(ASSIGNMENT) Print each line exactly, beginning with the one where "Certified 2024 Kia Forte LXS FWD image 13" appears and ending at the last line below.

(DATA FOR THIS TASK)
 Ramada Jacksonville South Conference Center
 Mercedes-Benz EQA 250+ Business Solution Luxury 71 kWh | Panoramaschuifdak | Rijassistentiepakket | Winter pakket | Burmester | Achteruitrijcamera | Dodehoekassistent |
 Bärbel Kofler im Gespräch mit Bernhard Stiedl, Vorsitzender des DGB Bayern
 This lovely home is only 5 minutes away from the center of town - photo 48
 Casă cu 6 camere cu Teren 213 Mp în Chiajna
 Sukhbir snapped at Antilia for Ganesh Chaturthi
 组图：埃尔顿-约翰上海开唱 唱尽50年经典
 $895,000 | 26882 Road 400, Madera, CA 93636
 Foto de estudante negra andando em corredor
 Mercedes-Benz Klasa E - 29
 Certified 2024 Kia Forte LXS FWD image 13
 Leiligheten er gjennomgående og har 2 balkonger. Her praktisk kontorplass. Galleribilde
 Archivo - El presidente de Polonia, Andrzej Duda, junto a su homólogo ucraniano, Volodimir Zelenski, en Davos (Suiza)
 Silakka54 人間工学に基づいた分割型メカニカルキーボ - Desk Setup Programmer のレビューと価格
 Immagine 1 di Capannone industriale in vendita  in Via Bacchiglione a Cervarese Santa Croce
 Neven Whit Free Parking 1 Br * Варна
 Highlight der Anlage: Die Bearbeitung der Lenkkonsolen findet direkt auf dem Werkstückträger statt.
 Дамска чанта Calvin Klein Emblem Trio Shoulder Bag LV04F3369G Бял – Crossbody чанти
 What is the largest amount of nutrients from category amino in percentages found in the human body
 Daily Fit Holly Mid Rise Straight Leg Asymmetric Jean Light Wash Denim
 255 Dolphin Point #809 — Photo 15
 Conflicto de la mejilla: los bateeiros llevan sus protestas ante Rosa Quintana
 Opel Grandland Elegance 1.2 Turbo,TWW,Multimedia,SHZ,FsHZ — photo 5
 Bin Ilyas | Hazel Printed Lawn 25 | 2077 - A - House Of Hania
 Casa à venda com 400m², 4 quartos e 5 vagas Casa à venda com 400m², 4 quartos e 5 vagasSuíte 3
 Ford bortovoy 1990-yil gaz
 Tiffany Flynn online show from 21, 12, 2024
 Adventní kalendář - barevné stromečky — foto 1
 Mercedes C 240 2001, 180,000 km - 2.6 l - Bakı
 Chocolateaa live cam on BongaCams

(EXPECTED ANSWER)
 Certified 2024 Kia Forte LXS FWD image 13
 Leiligheten er gjennomgående og har 2 balkonger. Her praktisk kontorplass. Galleribilde
 Archivo - El presidente de Polonia, Andrzej Duda, junto a su homólogo ucraniano, Volodimir Zelenski, en Davos (Suiza)
 Silakka54 人間工学に基づいた分割型メカニカルキーボ - Desk Setup Programmer のレビューと価格
 Immagine 1 di Capannone industriale in vendita  in Via Bacchiglione a Cervarese Santa Croce
 Neven Whit Free Parking 1 Br * Варна
 Highlight der Anlage: Die Bearbeitung der Lenkkonsolen findet direkt auf dem Werkstückträger statt.
 Дамска чанта Calvin Klein Emblem Trio Shoulder Bag LV04F3369G Бял – Crossbody чанти
 What is the largest amount of nutrients from category amino in percentages found in the human body
 Daily Fit Holly Mid Rise Straight Leg Asymmetric Jean Light Wash Denim
 255 Dolphin Point #809 — Photo 15
 Conflicto de la mejilla: los bateeiros llevan sus protestas ante Rosa Quintana
 Opel Grandland Elegance 1.2 Turbo,TWW,Multimedia,SHZ,FsHZ — photo 5
 Bin Ilyas | Hazel Printed Lawn 25 | 2077 - A - House Of Hania
 Casa à venda com 400m², 4 quartos e 5 vagas Casa à venda com 400m², 4 quartos e 5 vagasSuíte 3
 Ford bortovoy 1990-yil gaz
 Tiffany Flynn online show from 21, 12, 2024
 Adventní kalendář - barevné stromečky — foto 1
 Mercedes C 240 2001, 180,000 km - 2.6 l - Bakı
 Chocolateaa live cam on BongaCams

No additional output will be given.